* **REQUIRED WORK**: The whole listing below is to be copied exactly, with every picture left out.

* **THE DATA**:

◇ ◇ ◇ ◇ ◇ ◇ ◇

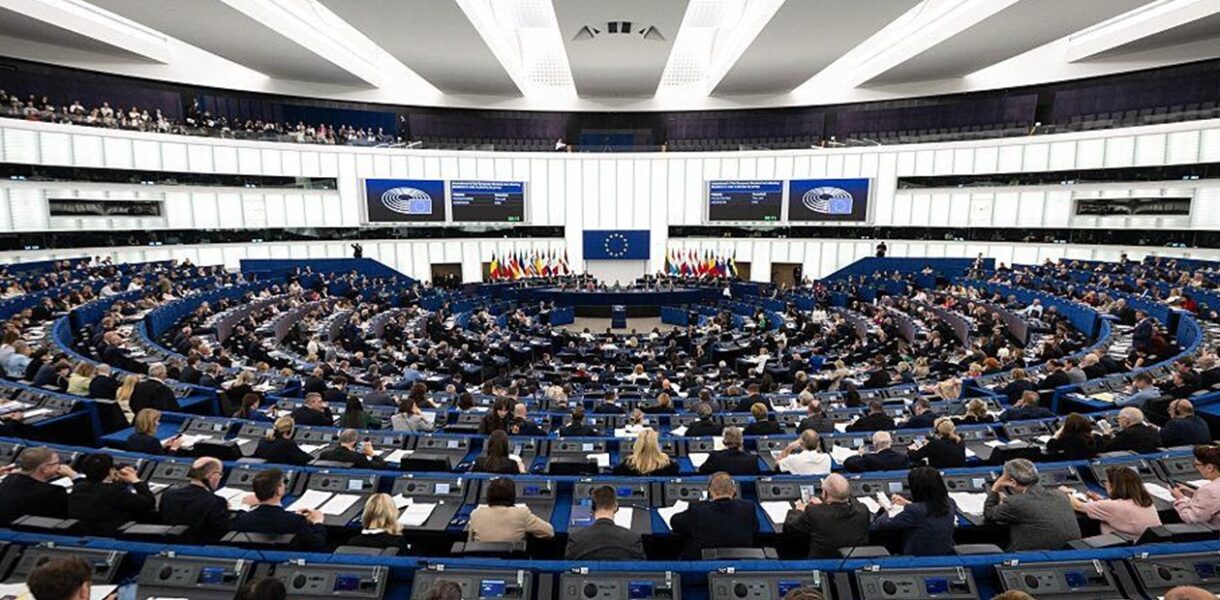 Європарламент відреагував на нові мита Трампа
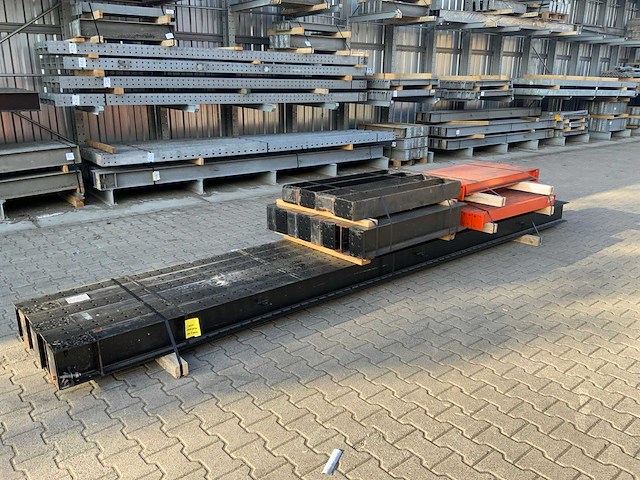 Draagarmstelling dubbelzijdig 8x48 - afbeelding 3 van  7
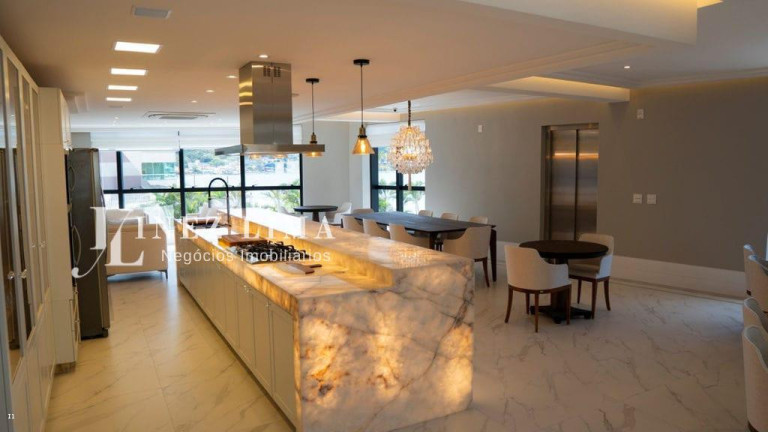 Imagem Apartamento com 4 Quartos à Venda, 200 m² em Centro - Itapema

◇ ◇ ◇ ◇ ◇ ◇ ◇

* **SOLVED PROBLEM**:
 Європарламент відреагував на нові мита Трампа
 Draagarmstelling dubbelzijdig 8x48 - afbeelding 3 van  7
 Imagem Apartamento com 4 Quartos à Venda, 200 m² em Centro - Itapema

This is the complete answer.